* [RECORDS PROVIDED]

..............................

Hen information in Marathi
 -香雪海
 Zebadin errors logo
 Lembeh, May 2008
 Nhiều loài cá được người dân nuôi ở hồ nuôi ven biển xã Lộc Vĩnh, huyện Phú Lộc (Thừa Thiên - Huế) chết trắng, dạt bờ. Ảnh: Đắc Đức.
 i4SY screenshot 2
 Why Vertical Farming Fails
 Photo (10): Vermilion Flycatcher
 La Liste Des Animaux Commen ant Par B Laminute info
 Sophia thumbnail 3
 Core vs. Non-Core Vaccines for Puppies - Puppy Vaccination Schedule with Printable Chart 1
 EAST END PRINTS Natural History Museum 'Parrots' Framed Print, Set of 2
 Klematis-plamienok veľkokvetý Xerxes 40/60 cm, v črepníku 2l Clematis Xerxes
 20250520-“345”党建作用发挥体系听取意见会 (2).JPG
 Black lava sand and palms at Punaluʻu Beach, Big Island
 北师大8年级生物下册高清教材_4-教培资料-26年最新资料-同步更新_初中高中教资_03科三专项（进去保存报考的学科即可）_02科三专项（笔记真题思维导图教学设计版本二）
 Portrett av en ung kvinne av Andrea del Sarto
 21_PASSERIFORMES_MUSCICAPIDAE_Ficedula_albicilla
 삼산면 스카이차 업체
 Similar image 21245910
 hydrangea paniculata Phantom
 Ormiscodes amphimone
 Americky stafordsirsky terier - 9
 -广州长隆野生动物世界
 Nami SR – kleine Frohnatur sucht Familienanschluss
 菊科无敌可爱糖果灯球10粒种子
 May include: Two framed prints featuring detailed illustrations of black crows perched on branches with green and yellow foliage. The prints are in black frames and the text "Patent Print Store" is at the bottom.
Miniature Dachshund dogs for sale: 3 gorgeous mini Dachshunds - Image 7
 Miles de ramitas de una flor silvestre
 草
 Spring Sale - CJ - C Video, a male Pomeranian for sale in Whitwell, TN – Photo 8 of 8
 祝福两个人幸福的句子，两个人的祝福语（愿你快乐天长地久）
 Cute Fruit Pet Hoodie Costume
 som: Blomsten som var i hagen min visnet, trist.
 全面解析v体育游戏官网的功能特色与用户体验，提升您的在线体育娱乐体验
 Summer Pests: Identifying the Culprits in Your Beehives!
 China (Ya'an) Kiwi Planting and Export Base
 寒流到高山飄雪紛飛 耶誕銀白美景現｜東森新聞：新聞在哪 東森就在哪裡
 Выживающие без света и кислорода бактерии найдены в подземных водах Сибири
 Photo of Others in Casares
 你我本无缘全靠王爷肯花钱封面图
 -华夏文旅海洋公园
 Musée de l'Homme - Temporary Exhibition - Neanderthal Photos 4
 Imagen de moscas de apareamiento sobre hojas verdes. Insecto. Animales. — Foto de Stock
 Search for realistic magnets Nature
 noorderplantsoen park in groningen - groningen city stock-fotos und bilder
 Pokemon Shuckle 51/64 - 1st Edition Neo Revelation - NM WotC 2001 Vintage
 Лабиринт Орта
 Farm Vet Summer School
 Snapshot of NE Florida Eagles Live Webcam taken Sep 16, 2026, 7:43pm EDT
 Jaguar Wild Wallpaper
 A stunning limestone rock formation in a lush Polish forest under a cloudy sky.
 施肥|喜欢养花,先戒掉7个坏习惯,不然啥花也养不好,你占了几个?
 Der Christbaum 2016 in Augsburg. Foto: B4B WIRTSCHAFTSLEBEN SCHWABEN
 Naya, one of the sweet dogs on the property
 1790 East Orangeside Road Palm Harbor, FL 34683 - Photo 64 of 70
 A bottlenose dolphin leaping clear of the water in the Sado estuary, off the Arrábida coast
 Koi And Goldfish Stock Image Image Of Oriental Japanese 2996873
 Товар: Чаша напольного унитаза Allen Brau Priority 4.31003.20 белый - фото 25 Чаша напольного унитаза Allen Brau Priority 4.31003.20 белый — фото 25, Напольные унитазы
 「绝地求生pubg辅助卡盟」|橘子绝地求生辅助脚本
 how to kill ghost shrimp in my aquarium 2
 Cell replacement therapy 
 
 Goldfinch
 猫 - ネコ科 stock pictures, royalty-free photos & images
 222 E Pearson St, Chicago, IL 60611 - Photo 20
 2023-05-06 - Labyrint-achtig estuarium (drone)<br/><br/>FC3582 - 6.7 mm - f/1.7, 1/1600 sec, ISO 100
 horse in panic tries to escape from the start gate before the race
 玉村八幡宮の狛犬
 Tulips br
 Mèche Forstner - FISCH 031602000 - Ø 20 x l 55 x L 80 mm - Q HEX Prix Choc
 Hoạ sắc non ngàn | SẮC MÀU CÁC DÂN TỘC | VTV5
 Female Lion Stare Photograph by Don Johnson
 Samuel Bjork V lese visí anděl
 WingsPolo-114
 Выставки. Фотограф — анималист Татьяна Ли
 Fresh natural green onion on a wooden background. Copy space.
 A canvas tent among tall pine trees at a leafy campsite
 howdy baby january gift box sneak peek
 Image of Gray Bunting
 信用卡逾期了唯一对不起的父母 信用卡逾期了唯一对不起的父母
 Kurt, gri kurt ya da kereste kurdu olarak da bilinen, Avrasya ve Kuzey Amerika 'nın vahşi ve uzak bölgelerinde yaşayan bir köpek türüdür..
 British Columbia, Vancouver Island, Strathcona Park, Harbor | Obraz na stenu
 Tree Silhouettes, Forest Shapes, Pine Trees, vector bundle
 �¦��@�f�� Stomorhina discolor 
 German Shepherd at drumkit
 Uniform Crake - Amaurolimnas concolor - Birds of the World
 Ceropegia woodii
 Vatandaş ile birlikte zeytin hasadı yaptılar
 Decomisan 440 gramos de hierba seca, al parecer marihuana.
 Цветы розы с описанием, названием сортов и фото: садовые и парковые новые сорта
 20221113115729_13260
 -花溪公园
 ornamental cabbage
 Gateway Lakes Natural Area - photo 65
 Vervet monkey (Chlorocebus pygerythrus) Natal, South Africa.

..............................

* [TASK ITEM] Copy, from the lines above, each one that holds "dogs".

* [PROBLEM SOLUTION]
Miniature Dachshund dogs for sale: 3 gorgeous mini Dachshunds - Image 7
 Naya, one of the sweet dogs on the property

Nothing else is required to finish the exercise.